WHAT YOU SHOULD DO – Present exactly, and only, the lines running from the line that contains "Mochila de viagem" through the end of the entries below.

[Brief descriptive captions]
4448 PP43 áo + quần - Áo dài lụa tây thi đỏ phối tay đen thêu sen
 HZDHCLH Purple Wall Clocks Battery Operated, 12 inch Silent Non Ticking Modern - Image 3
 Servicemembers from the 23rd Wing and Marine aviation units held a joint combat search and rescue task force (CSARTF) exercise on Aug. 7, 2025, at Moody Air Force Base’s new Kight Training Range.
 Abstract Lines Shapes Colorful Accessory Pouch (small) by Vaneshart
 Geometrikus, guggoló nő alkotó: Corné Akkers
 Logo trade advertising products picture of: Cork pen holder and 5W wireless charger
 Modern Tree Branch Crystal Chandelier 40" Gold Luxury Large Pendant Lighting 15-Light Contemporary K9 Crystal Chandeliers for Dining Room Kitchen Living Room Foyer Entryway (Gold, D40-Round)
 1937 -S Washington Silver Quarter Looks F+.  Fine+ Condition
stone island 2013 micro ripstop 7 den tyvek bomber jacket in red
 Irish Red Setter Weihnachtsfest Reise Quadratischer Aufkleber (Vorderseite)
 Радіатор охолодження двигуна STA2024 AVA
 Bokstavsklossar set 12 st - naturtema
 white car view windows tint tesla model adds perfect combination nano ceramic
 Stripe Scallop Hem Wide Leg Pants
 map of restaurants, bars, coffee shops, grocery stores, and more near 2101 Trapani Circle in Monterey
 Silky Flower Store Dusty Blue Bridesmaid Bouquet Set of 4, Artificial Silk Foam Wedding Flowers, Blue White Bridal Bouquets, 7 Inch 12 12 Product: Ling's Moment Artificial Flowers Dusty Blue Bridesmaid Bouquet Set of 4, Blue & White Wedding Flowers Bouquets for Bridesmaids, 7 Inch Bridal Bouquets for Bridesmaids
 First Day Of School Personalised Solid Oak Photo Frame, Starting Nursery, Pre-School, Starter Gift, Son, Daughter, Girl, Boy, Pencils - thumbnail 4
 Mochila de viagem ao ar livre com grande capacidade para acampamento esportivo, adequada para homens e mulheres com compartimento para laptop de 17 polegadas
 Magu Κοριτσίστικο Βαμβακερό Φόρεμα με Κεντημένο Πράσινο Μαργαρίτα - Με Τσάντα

ANSWER SECTION –
 Mochila de viagem ao ar livre com grande capacidade para acampamento esportivo, adequada para homens e mulheres com compartimento para laptop de 17 polegadas
 Magu Κοριτσίστικο Βαμβακερό Φόρεμα με Κεντημένο Πράσινο Μαργαρίτα - Με Τσάντα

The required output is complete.